From: Thompson, Jimi (JimiT@mail.cox.smu.edu)
Date: Thu Jun 24 2004 - 18:00:55 EDT
<SNIP>
First of all, most people seem to confuse auditing, vulnerability
testing and penetration testing. Even within discussions here, there
doesn't seem to be a clear definition amongst the tribe as to what does
what.
</SNIP>
<SNIP>
Penetration testing is the act of penetrating a system. Breaking into
it using what ever tools are available. Not some proprietary software.
That's bogus.
</SNIP>
This is all too true. From my perspective, unless you have a "trophy"

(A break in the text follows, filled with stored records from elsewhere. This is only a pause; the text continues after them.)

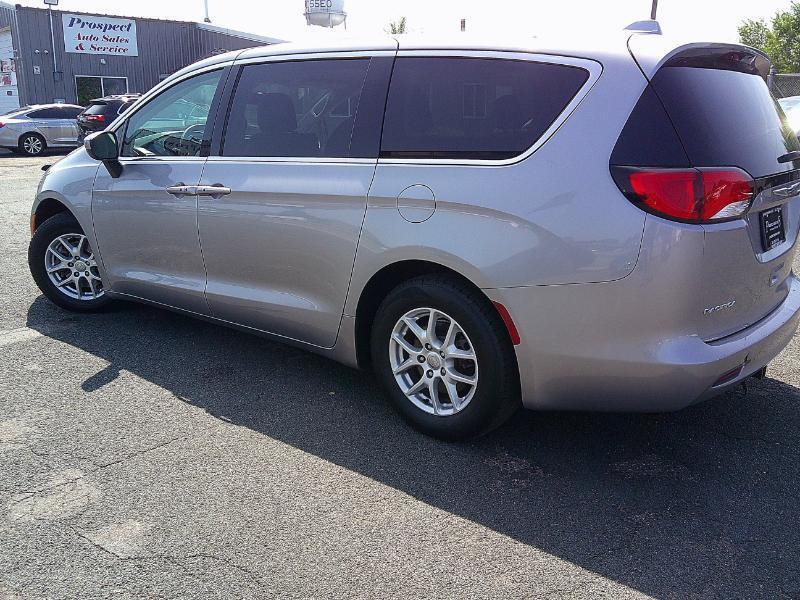 Chrysler Pacifica Touring 2017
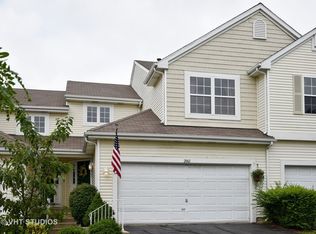 2061 Orchard Ln #2061, Carpentersville, IL 60110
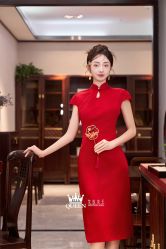 点击看大图 -艾拉·女王婚纱礼服馆
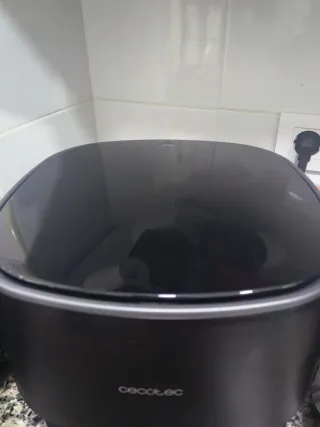 Cecotec Freidora Aire 6.5L + accesorios Impecable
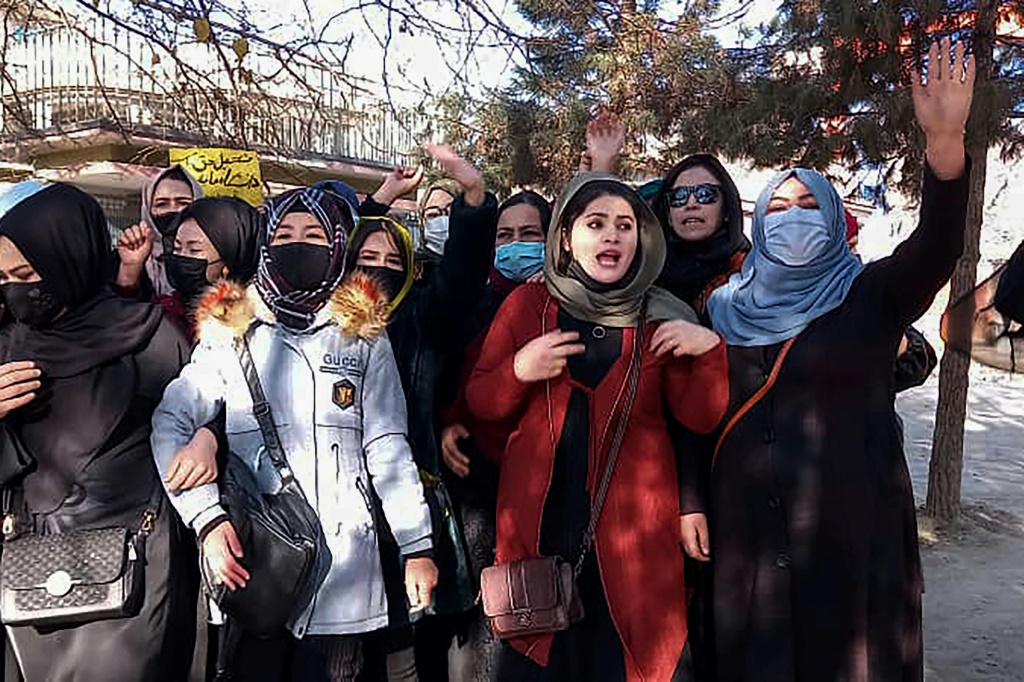 تظاهرة في كابول لنساء أفغانيات ضد الاعتداء على حرياتهن في 22 كانون الأول/ديسمبر 2022 (ا ف ب)
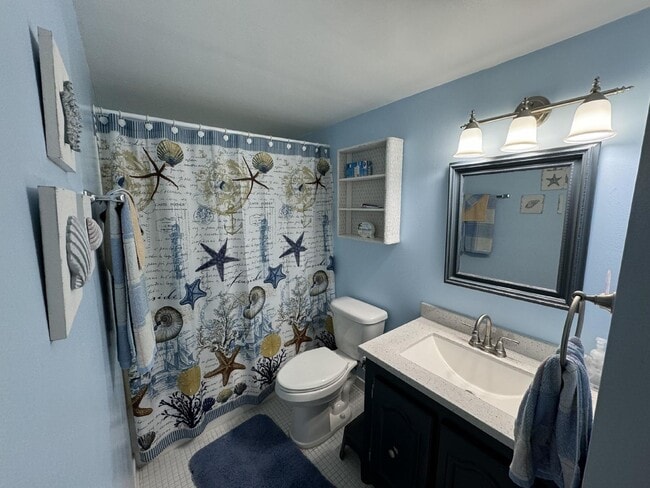 Building Photo - 2 Bedroom 2 Bathroom direct ocean condo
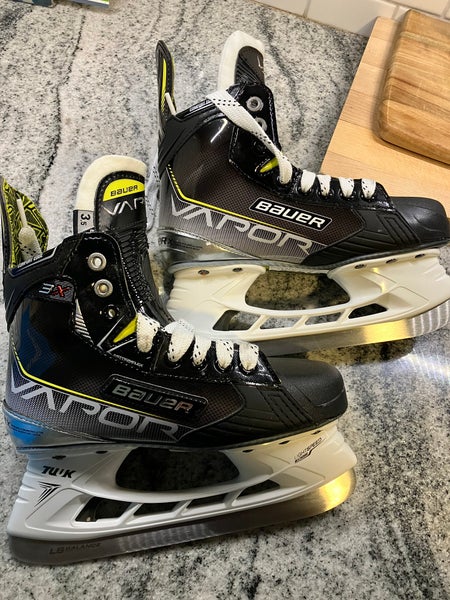 New Bauer Extra Wide Width Size 3.5 Vapor 3X Hockey Skates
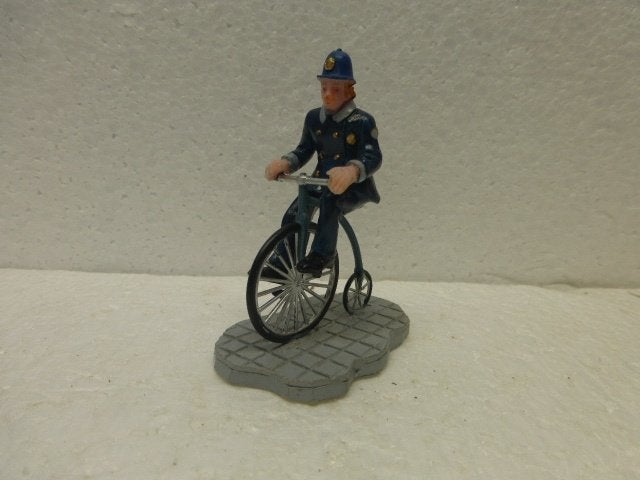 lemax Hot Pursuit kerstdorp poppetje figurine agent beeldje, Ophalen of Verzenden, Zo goed als nieuw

for me to hack in and retrieve, it's not a penetration test. While my
doing a scan of your network may be one activity that I carry out as
part of the pen test, but it, on its own, doesn't qualify as a
penetration test. Looking for vulnerable systems or applications,
alone, doesn't cut it either. This is something that I might do as part
of my attempt to penetrate your security, but unless the attempt to
actually penetrate is made IT ISN'T A PEN TEST!
Pen testing involves discovering and _attempting to exploit_ issues like
(my favorite) poorly configured proxies in order to gain unauthorized
access to systems and/or their contents. Just discovering the issue
doesn't necessarily involve an attempt at penetration and should not be
labeled a pen test. It's misleading, especially to the "suits"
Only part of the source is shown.